Recesses 44, 86 avoid the additional expense of completing the
contour of orientation surfaces 36, 84.
[0086] As illustrated in FIG. 1, in the preferred embodiment, in
the deployed position, the lateral tubular 40 forms a Y junction
with main tubular 20. Connector 100 connects lateral tubular 40
with main tubular 20 by engaging end 27 on main tubular 20.
[0087] In an alternative embodiment, the inner diameter 31 of
tubular body 22 above and along the junction may be sized to
receive two conduits that may be sealed off inside the main tubular
20, such as when the production fluids from the primary borehole 14
and the lateral borehole 16 are from different pay zones. The two
conduits extend through the upper portion of main tubular 20 with
one conduit then extending through main tubular 20 and the other
independent conduit extending through lateral tubular 40.
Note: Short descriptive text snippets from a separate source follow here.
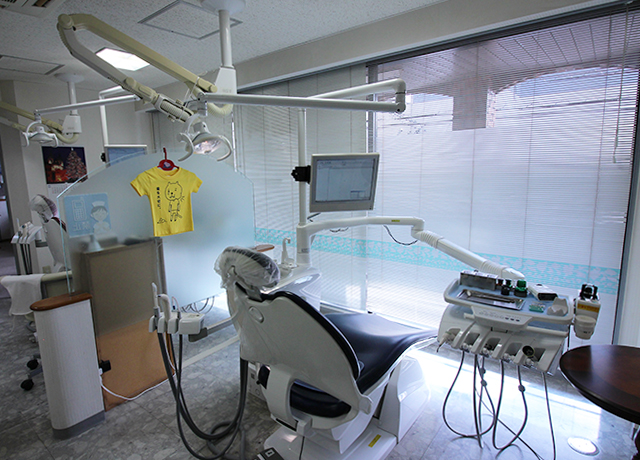 さこう歯科診療室１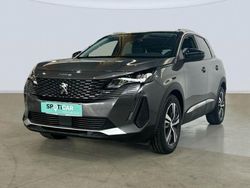 Gris Usado 2021 Peugeot 3008 Allure SUV | 19.900 € (Un poco caro)
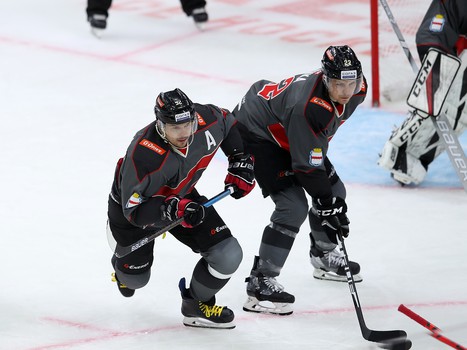 22.08.2019. «Авангард» - «Северсталь» 1:2 ОТ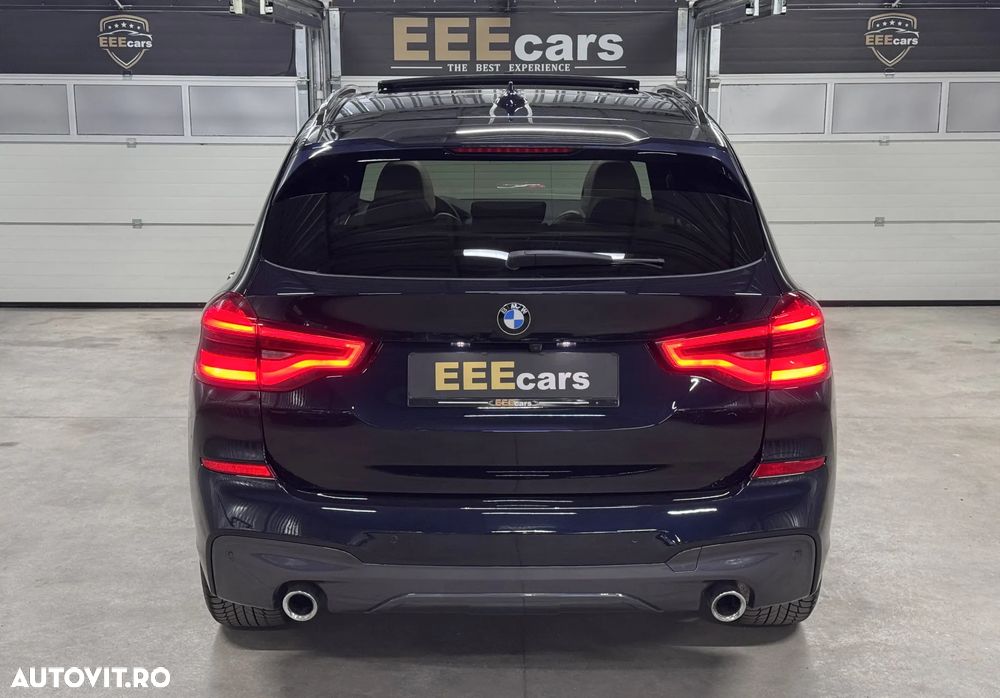 BMW X3 xDrive25d Aut. M Sport - 36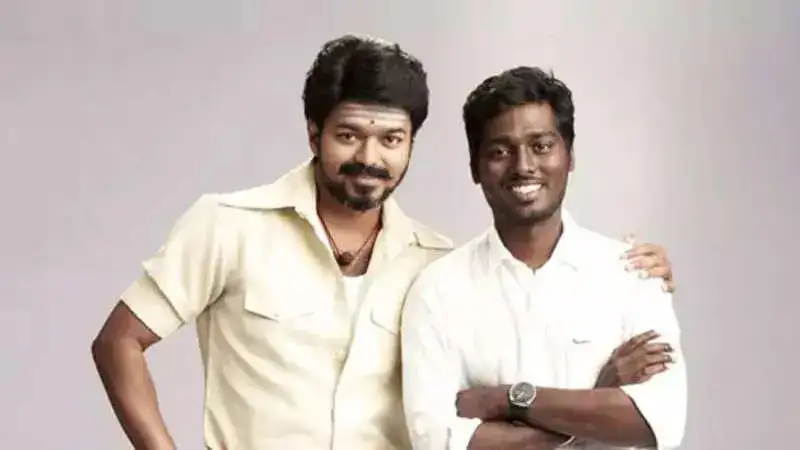 Thalapathy Vijay and Atlee to team up after the release of Jawan and Leo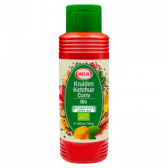 Hela Biologische curry kruiden ketchup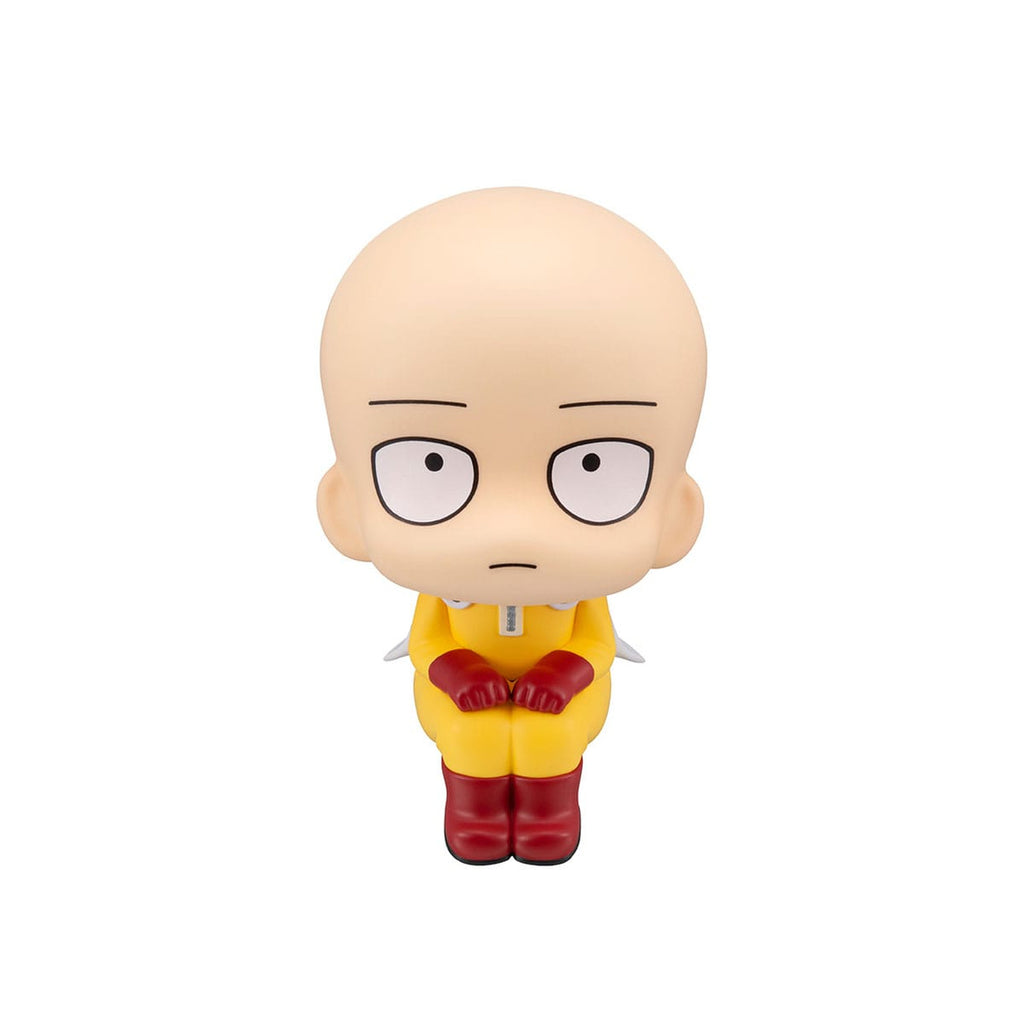 Produktbild One Punch Man Look Up PVC Statue Saitama 11 cm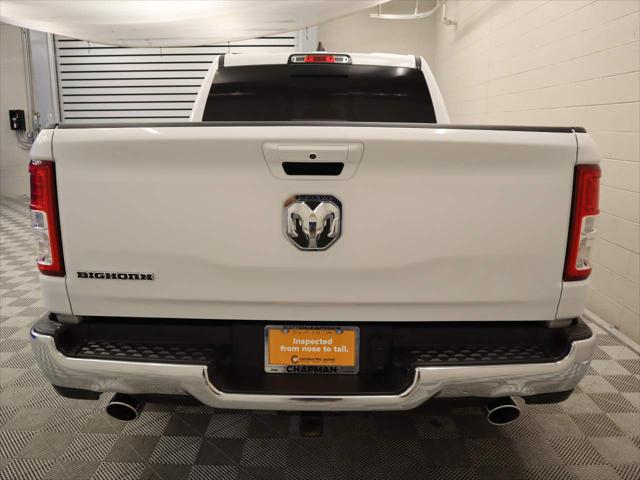 2021 RAM 1500 Big Horn Crew Cab 4x2 57 Box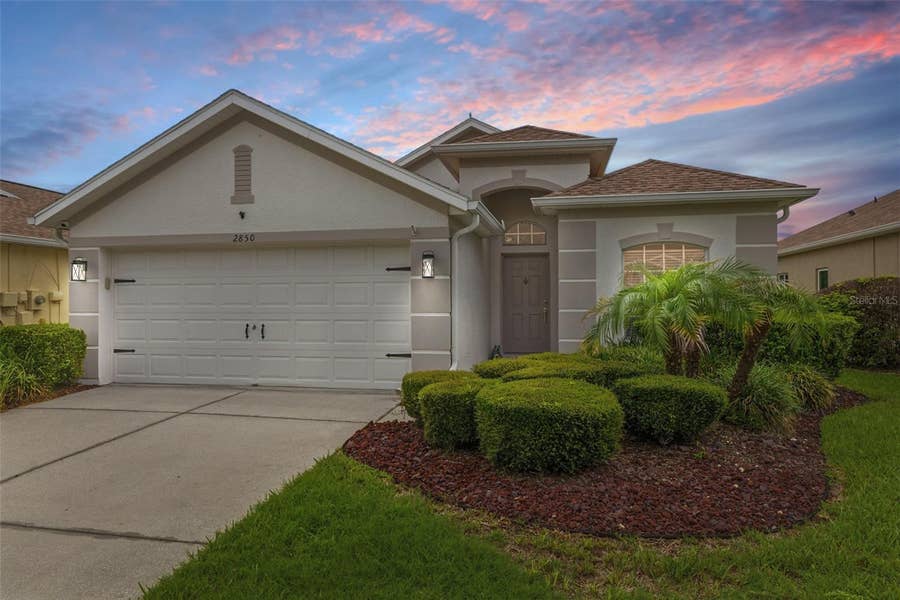 Property photo for 2850 BANYAN HILL LANE, Land O Lakes, FL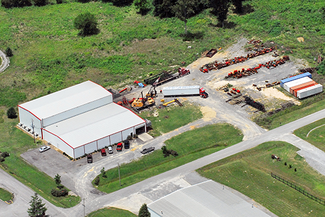 Fort Payne, AL Industrial - Industrial Park Fort Payne, AL Industrial - Industrial Park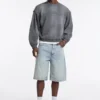 Guess Originals Eco Baggy Denim Shorts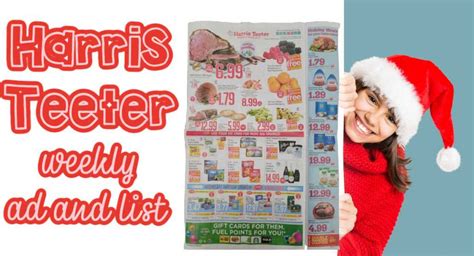 Harris Teeter Deals Wednesday Rewind: ALL The Deals Covered Wednesday ...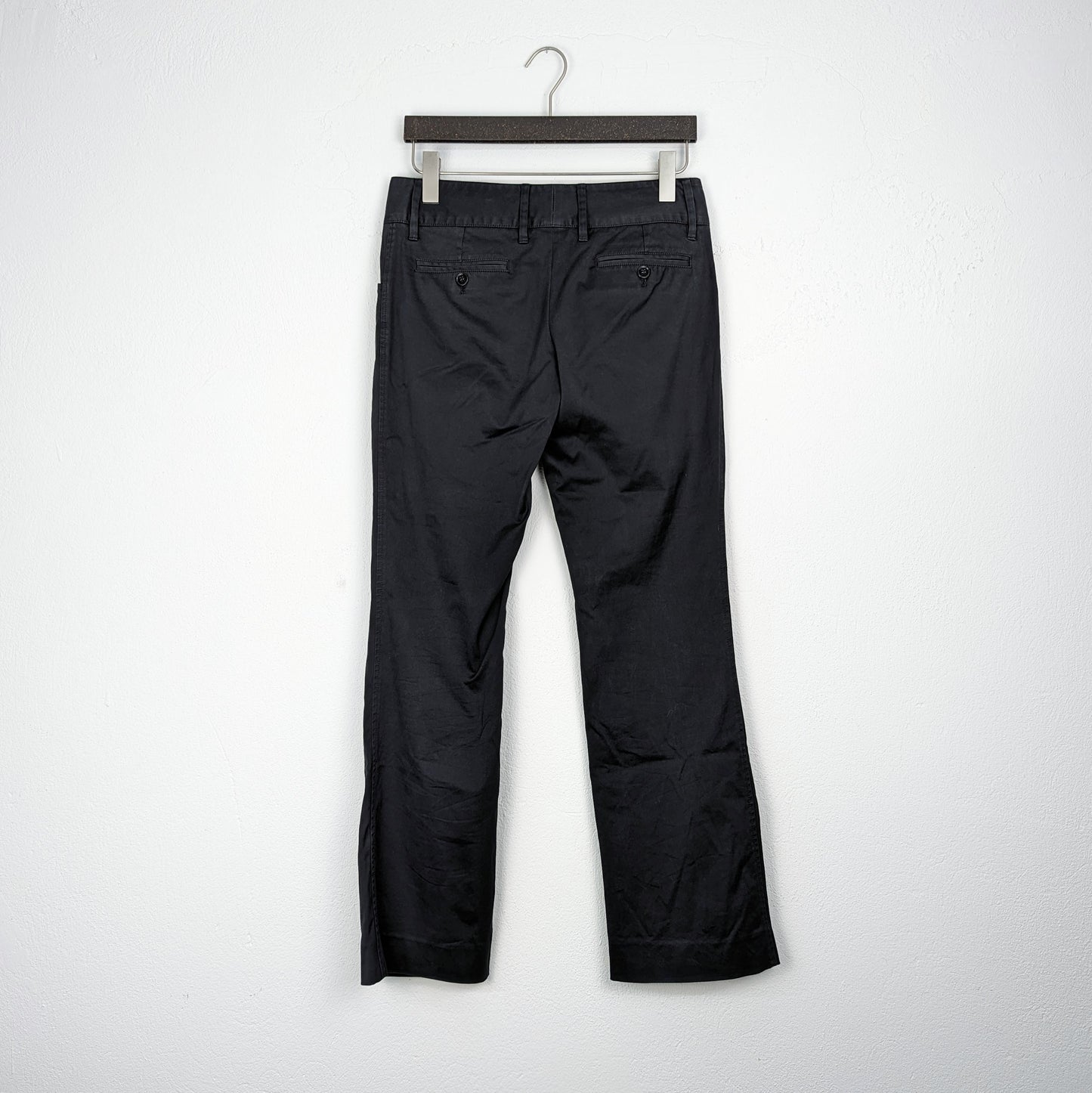 DOLCE & GABBANA LOW WAIST PANTS (S/M)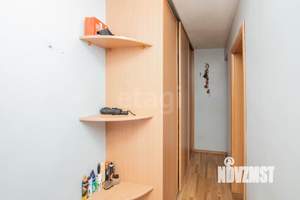 1-к квартира, вторичка, 40м2, 6/6 этаж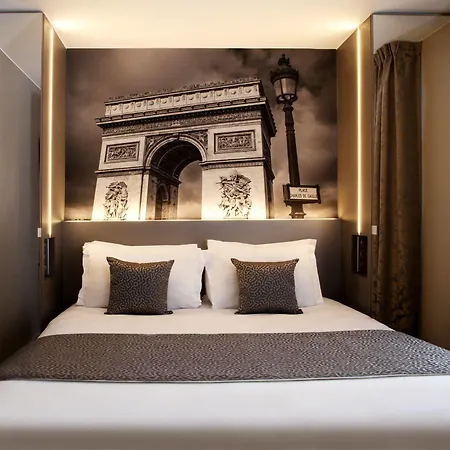 Peletier Haussmann Opera Hotel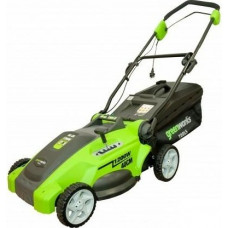 Газонокосилка электрическая GREENWORKS GLM 1240 (25147) [25147]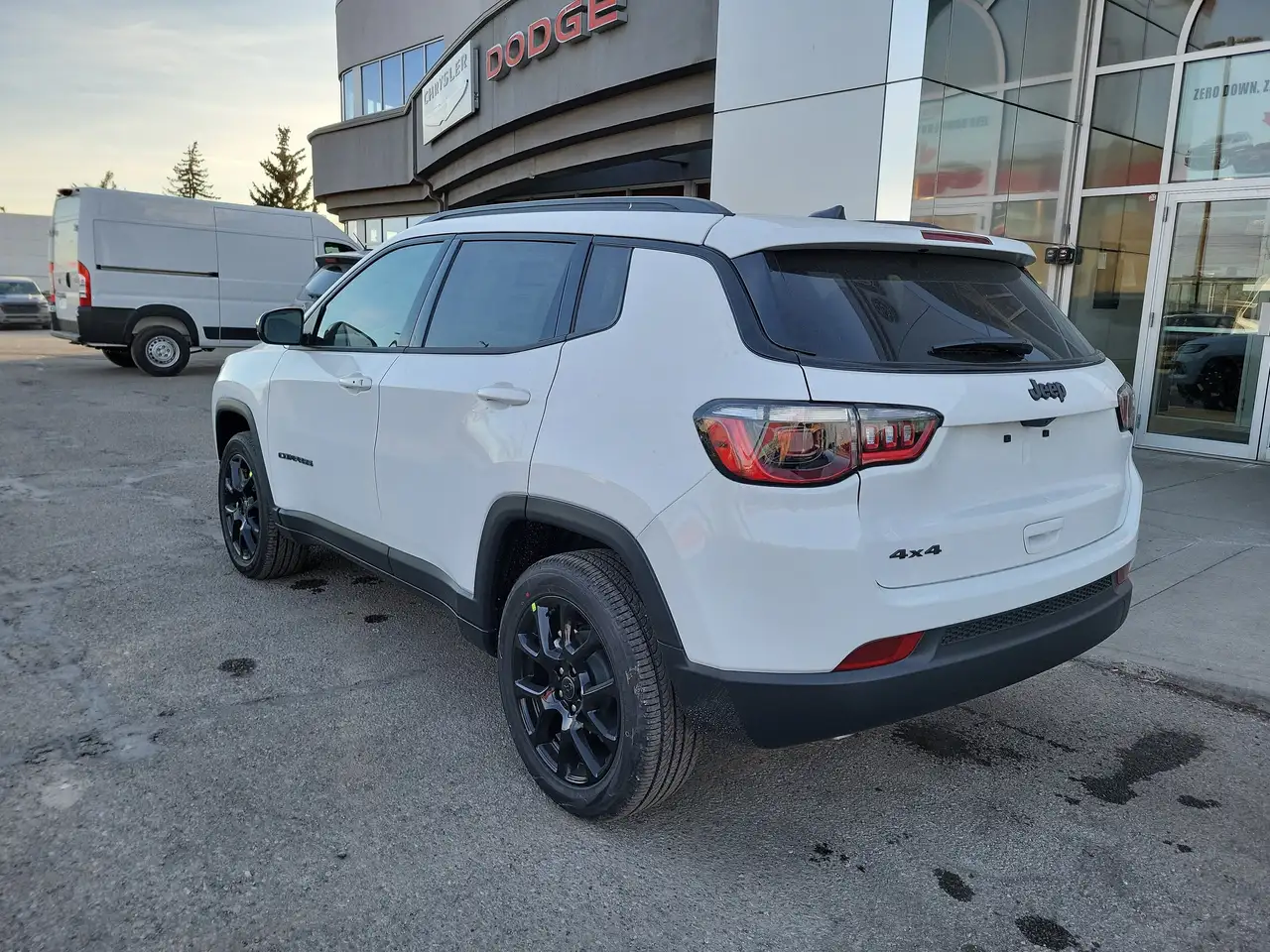 2026 Jeep Compass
Additional clearance may be obtained through main tubular in
reduced diameter 33 by increasing the inner diameter along the ramp
50 where the inner diameter is smaller. This can be achieved by
scaling back the inner diameter portions between opposing arcuate
rails 62a,b. Thus rails 62a,b remain intact while the portion of
main tubular 20 remaining after milling window 26 can be reduced to
enlarge inner diameters.
[0088] Referring now to FIGS. 9 and 10, another preferred
embodiment of the present invention includes an orientation member
130 disposed in the lower end 30 of main tubular 20. The
orientation member 130 includes a tubular body having an upwardly
facing orientation member or mule shoe 134 used to orient
subsequent tools lowered through the primary borehole 14 below the
junction with lateral borehole 16. The mule shoe 134 has a reduced
outer diameter 136 forming an upwardly facing annular shoulder 138
which engages the lower terminal end 30 of main tubular 20. Upon
orienting the mule shoe 134 with the window 26 and orientation
surface 24, orientation member 130 is welded to the lower end of
main tubular 20 at 140. The reduced outer diameter portion 136
includes a window or recess 142 for receiving a latching engagement
from a subsequently run tool to latch the tool in place within main
tubular 20 and thus in orientation with lateral borehole 16. The
lower end 144 may include threads 146 for threading engagement to a
lower tool such as a spline sub. Another method includes threading
an extension sub having a mule shoe into the lower end of main
tubular 20 and then orienting the mule shoe with respect to the
window 26.
[0089] Referring now to FIGS. 11-14, there is shown one tool,
namely a deflector 150, which may be used with orientation member
130 in main tubular 20 for directing other tools through the
lateral tubular 40. Deflector 150 is used after lateral tubular 40
is deployed within main tubular 20. For instance, it may become
necessary to re-enter the lateral borehole for further well
operations such as for drilling the lateral borehole 16. Deflector
150 includes a tubular body 152 having a lower connector or latch
154 with a plurality of collet finger slots 156, best shown in
FIGS. 14D and 14E, adapted to engage the orientation member 130,
and a ramp surface 160 extending from the upper terminal end 158 to
a point 162 approximately at the mid portion of tubular body 152.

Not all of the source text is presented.